◆ **EXERCISE PROMPT**
All of the data should be reproduced word for word, though its pictures must be omitted.

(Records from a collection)
Start of Block
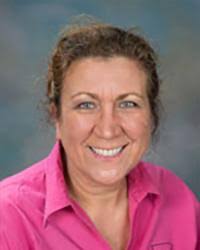 Lower Plenty Dental in Lower Plenty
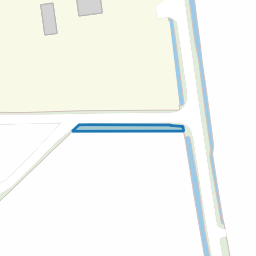 Perceel DSN01-Y-1105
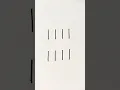 3D S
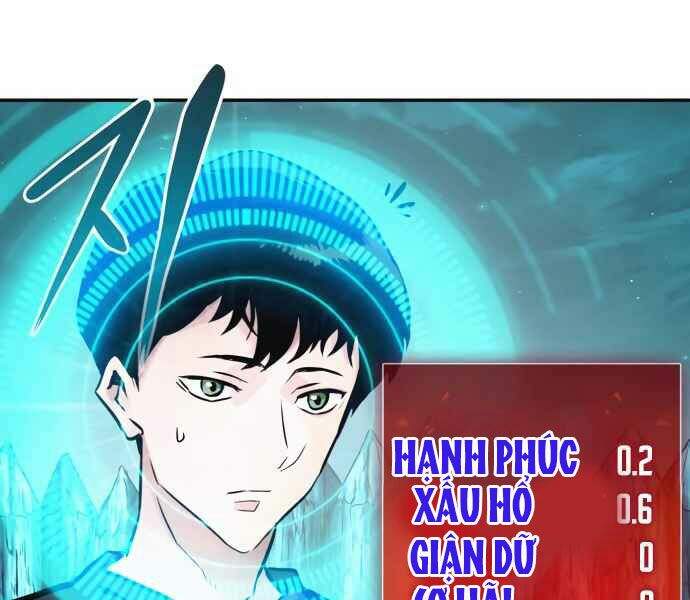 Kẻ Đa Tài Chapter 10 - 275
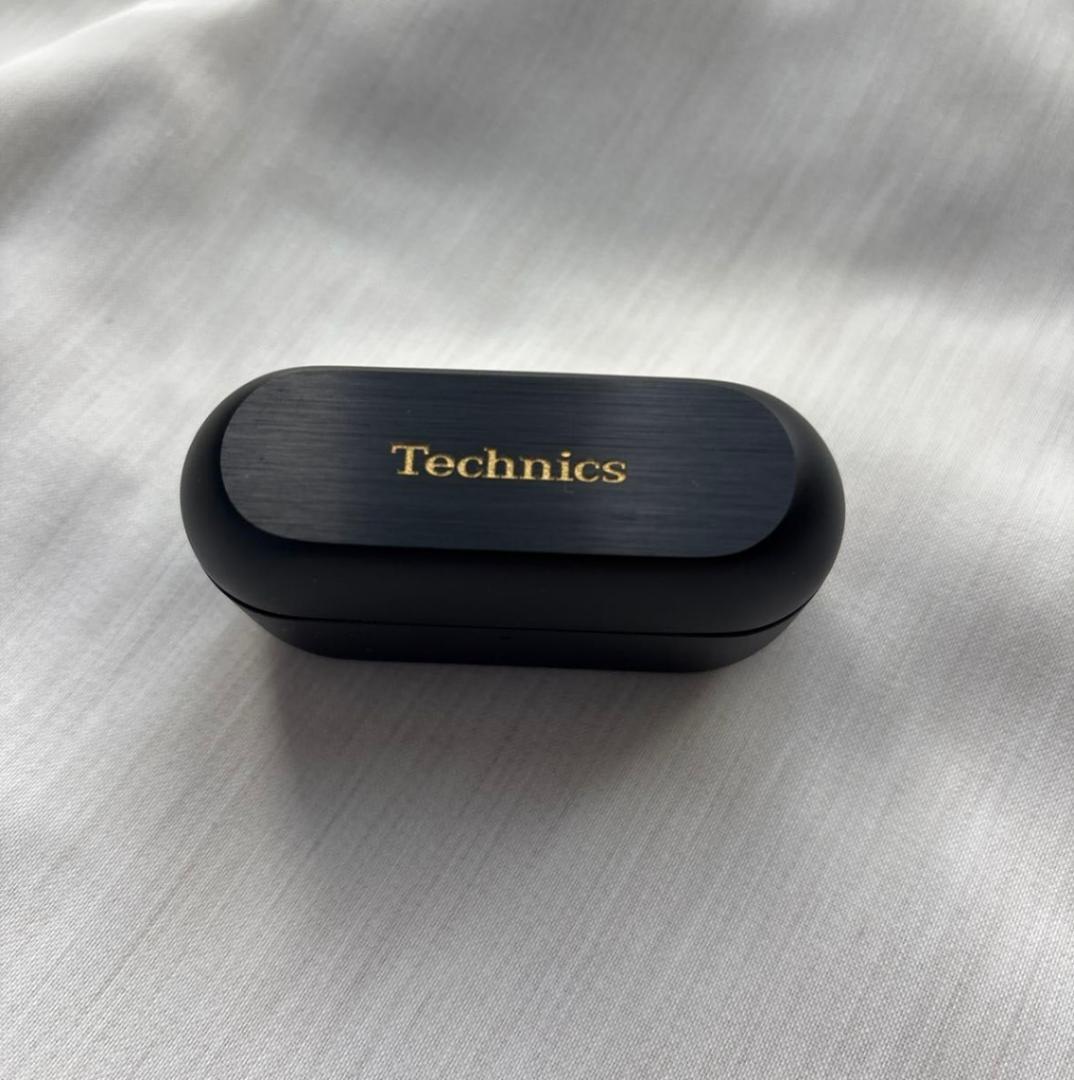 ●Technics AZ100 Wireless EAH-AZ100 美品●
End of Block
◆ **RESULT OF THIS TASK**
 Lower Plenty Dental in Lower Plenty
 Perceel DSN01-Y-1105
 3D S
 Kẻ Đa Tài Chapter 10 - 275
 ●Technics AZ100 Wireless EAH-AZ100 美品●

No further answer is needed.